SAN FRANCISCO (Jan. 12, 2010) — City Attorney Dennis Herrera today praised Mayor Gavin Newsom and the California Independent System Operator for reaching an accord to release the remaining power generation units of the Potrero Power Plant from must-run designation after 2010, so long as planned electric cabling upgrades meet the power grid regulator’s reliability standards. The agreement clears the final hurdle in efforts by City officials and community leaders for more than a decade to finally close the City’s last remaining large power plant.

“Mayor Newsom deserves enormous credit for his tireless work with CalISO to clear this last major hurdle to shut down the Potrero Power Plant, and to make San Francisco cleaner, greener and healthier as a result,” said Herrera. “We are also grateful to the regulators from CalISO, who are charged with managing the reliability of our state’s power grid, for their hard work to evaluate the voluminous studies that made this agreement possible. After years of contention over how this would be achieved, we are today united in our appreciation that it was achieved. I would also express my gratitude to Supervisors Sophie Maxwell and Ross Mirkarimi and other Board members; former Board President Aaron Peskin; PUC General Manager Ed Harrington; and former PUC General Manager Susan Leal for being such effective leaders in the City’s efforts. Community advocates from throughout San Francisco deserve enormous credit for their activism and hard work. I’m also thankful to Mirant, for its work to reach an agreement with my office last year. Finally, I am thankful to all of the legal professionals in my office who lent their considerable talent and expertise to this cause over the course of many years, especially Chief Assistant City Attorney Jesse Smith and Energy Team Chief Theresa Mueller.”

A key milestone among efforts to enable the closure of the nearly 50-year-old facility included last year’s negotiated accord with Mirant, the plant’s operator, in which the Atlanta-based energy giant agreed to shutter the power plant by the end of 2010 if allowed to do so by Cal-ISO. Under terms of the agreement Mirant officials signed on Aug. 13, 2009, the company committed to pay at least $1 million to the City to help address pediatric asthma in nearby communities and to initiate other mitigations in neighborhoods adjacent to the fossil-fueled facility. Mirant also agreed to pay another $100,000 to the San Francisco City Attorney’s Office for legal fees and costs, and to promise that once the plant is fully closed, the property will not be used for fossil fuel generation under any reuse plan for the site — a provision that will be binding on successive owners of the parcel. The City has agreed to priority processing of Mirant’s reuse plan.

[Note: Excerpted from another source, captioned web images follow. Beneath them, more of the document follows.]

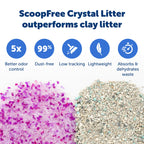 PetSafe ScoopFree — Bandeja Desechable con Cristales de Sílica para Caja de Arena Automática para Gatos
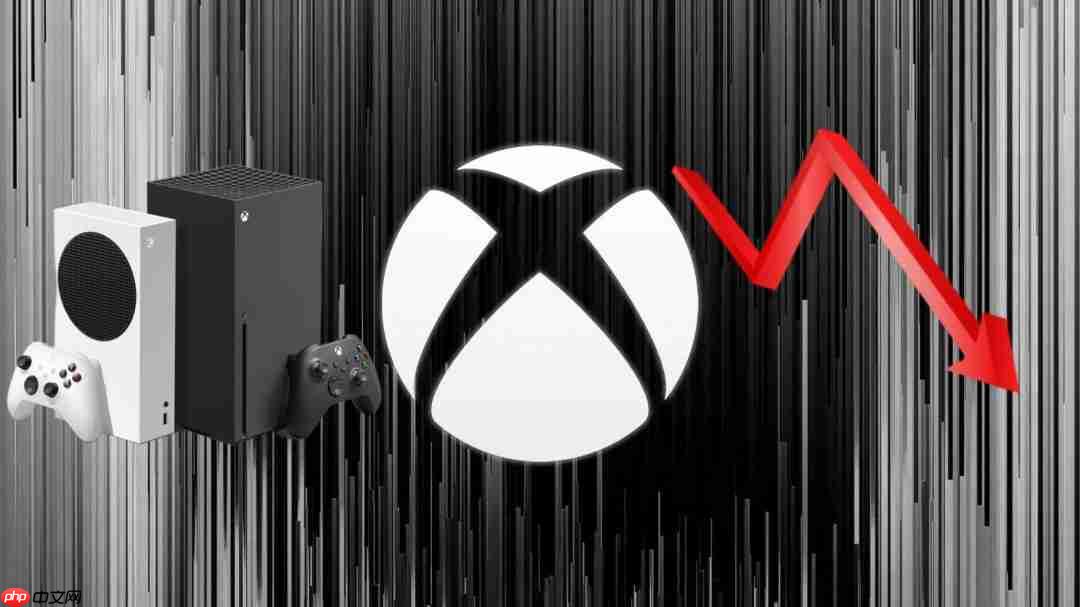 Xbox硬件销量下滑32% 游戏营收也下滑了9%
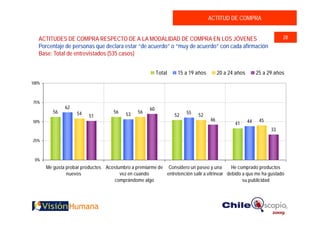 ACTITUD DE COMPRA


   ACTITUDES DE COMPRA RESPECTO DE A LA MODALIDAD DE COMPRA EN LOS JÓVENES                                             28
   Porcentaje de personas que declara estar “de acuerdo” o “muy de acuerdo” con cada afirmación
   Base: Total de entrevistados (535 casos)


                                                           Total    15 a 19 años        20 a 24 años        25 a 29 años
100%



75%
               62                                     60
          56         54              56    53   56                      55
                          51                                       52        52
50%                                                                                46                  44    45
                                                                                               41
                                                                                                                  33

25%



 0%
       Me gusta probar productos Acostumbro a premiarme de Considero un paseo y una         He comprado productos
                nuevos                 vez en cuando       entretención salir a vitrinear debido a que me ha gustado
                                    comprándome algo                                             su publicidad
 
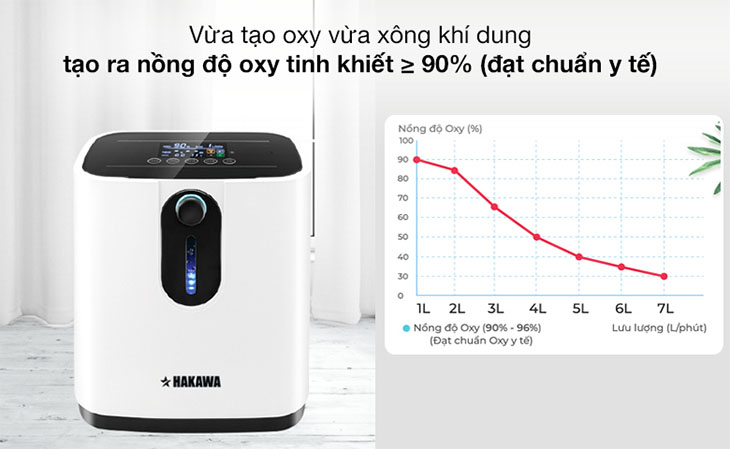 Chất lượng của máy tạo oxy đạt tiêu chuẩn y tế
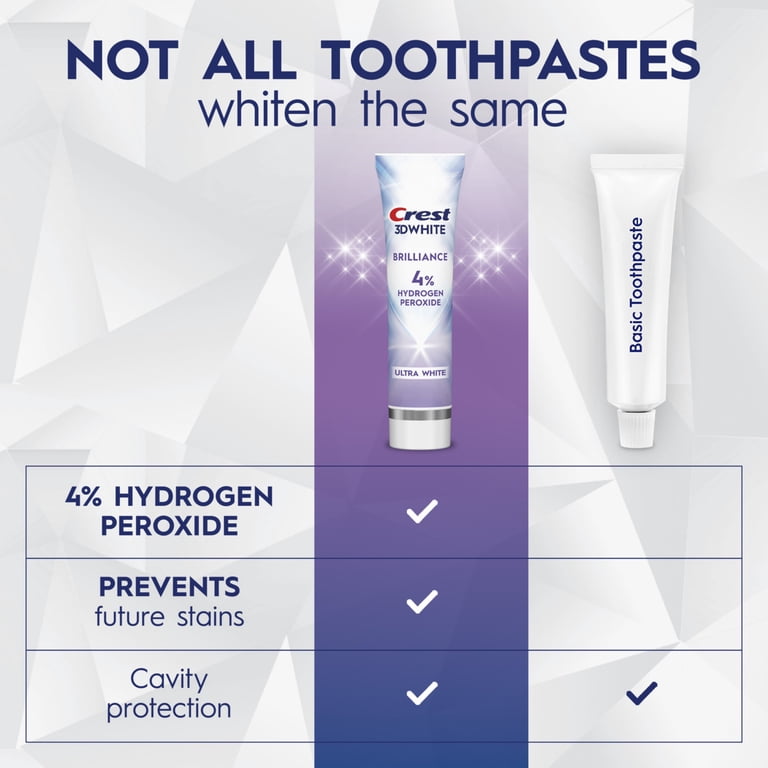 Crest 3D White Brilliance Pro Ultra White Toothpaste photo 7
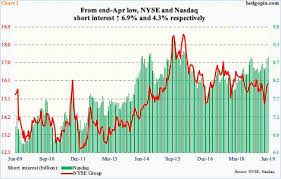 Paban Pandey Blog Nasdaq Short Interest 3 Plus Year High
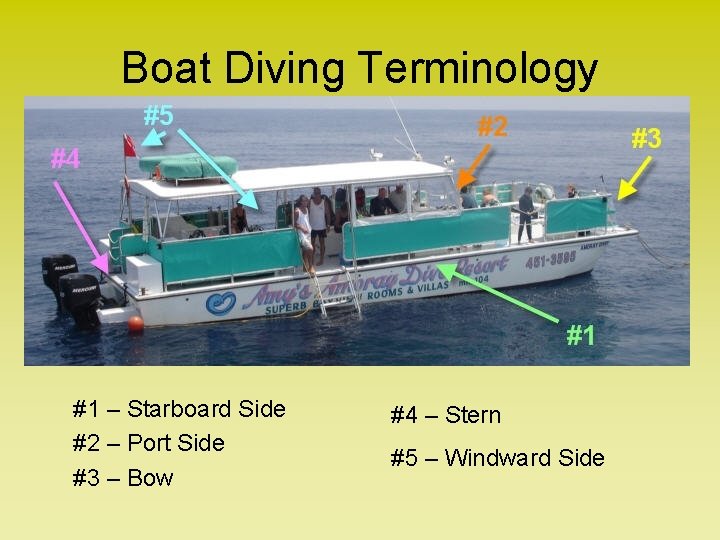 Boat Diving Terminology #1 – Starboard Side #2 – Port Side #3 – Bow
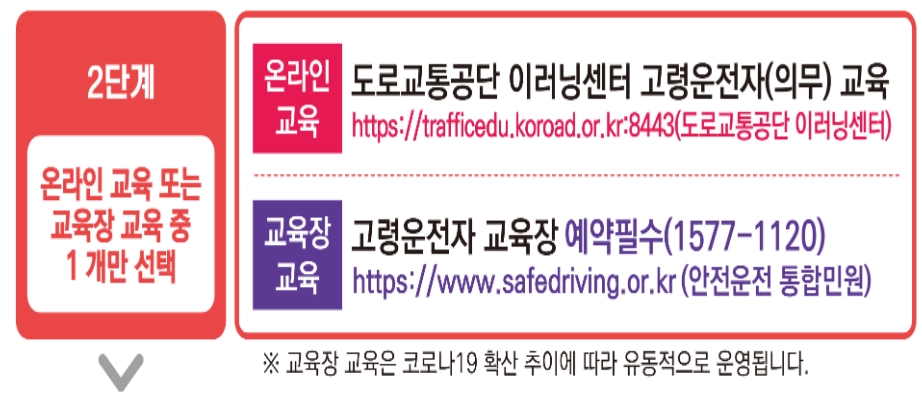 2단계 온오프라인 교육 선택 화면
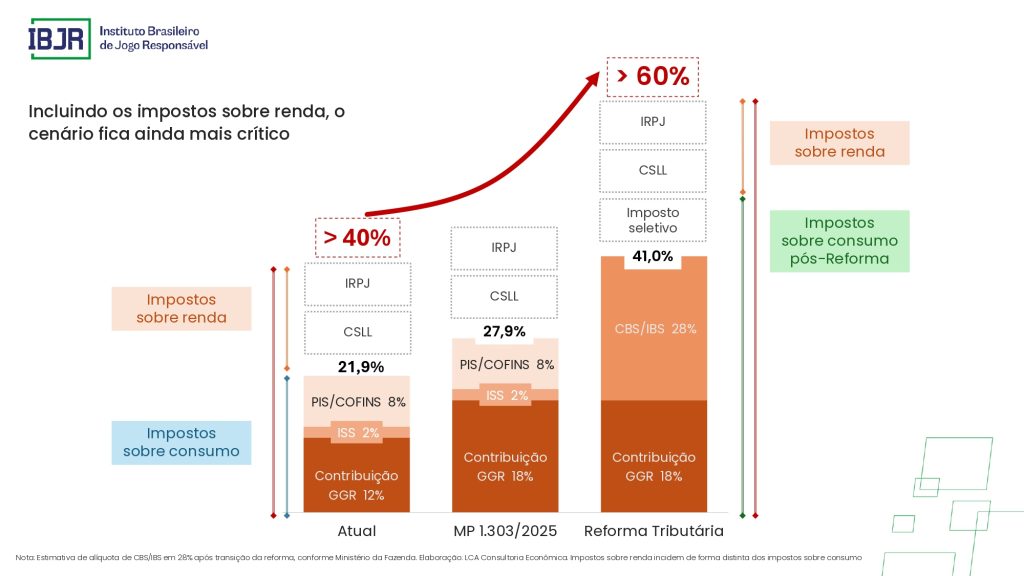 Apostas ilegais movimentam R$ 40 bi por ano no Brasil, aponta IBJR 6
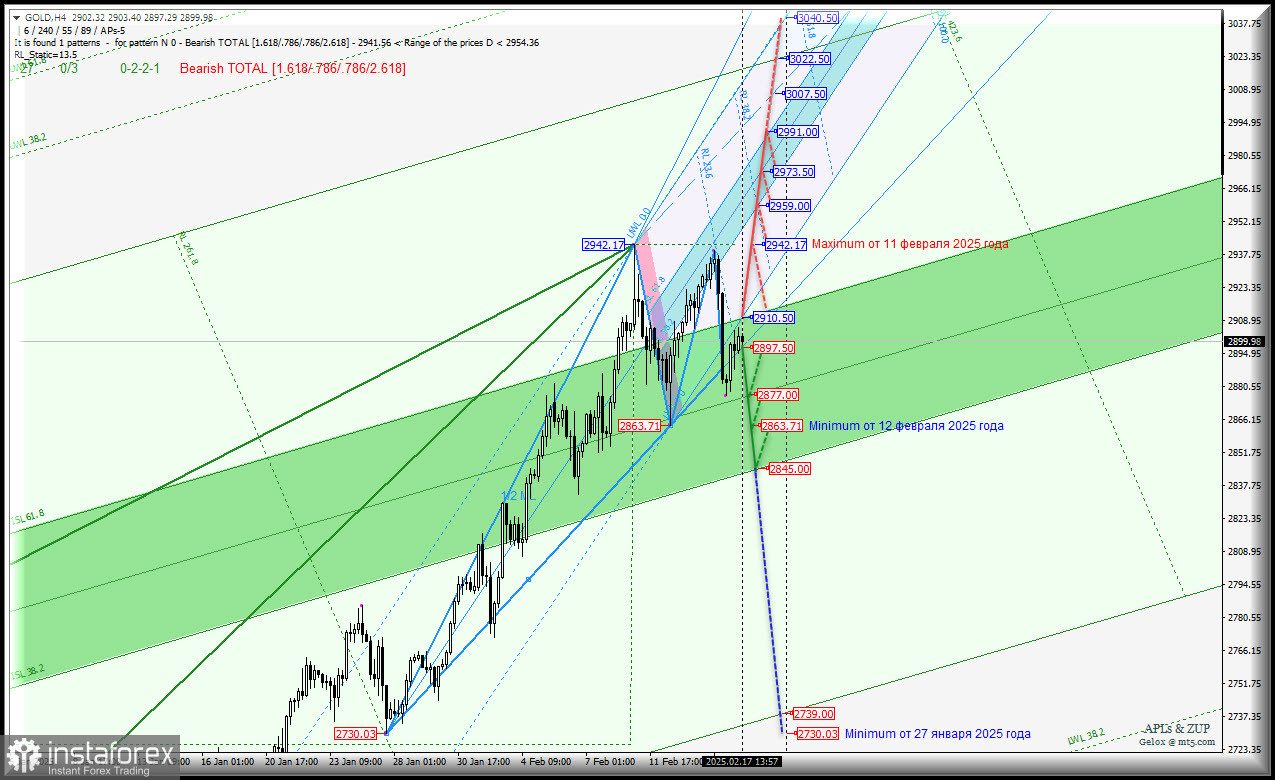 Spot Gold - h4 - до 3000.00 не добрались - что дальше? Комплексный анализ - APLs &amp; ZUP - с 18 февраля 2025 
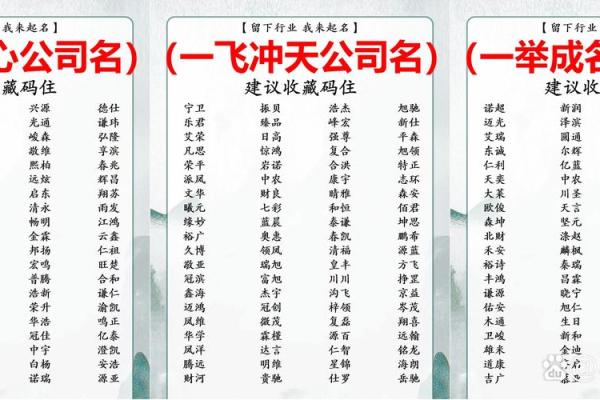 传媒公司名字灵感来源:如何创造个性化品牌 传媒公司名字灵感来源:如何创造个性化品牌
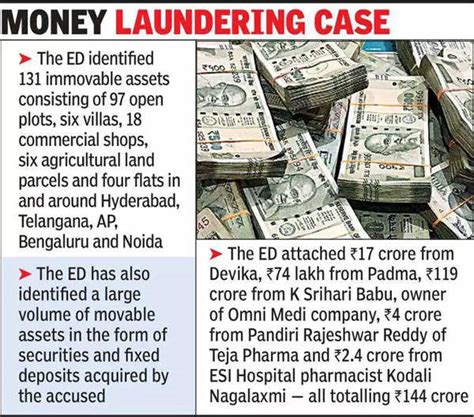 Ims Scam Ed Attaches Assets Worth Rs 144 Crore Hyderabad News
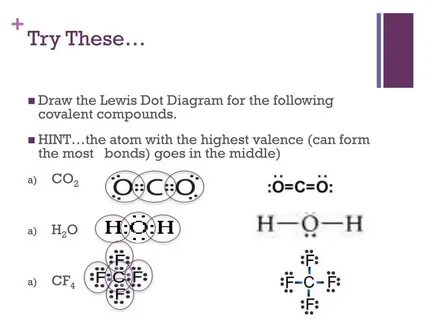 PPT - Ionic Compounds Containing Multivalent Ions PowerPoint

Previous efforts to fight the plant’s continued operation included disputes over the renewal of the state permit for its antiquated “once-through” cooling system, and working to install cleaner, municipally-owned replacement generators that had been secured in a 2002 legal settlement to meet state-mandated electricity generation requirements. Herrera also filed a 2009 civil lawsuit against Mirant for violating the City’s Unreinforced Masonry Buildings ordinance at the Potrero site.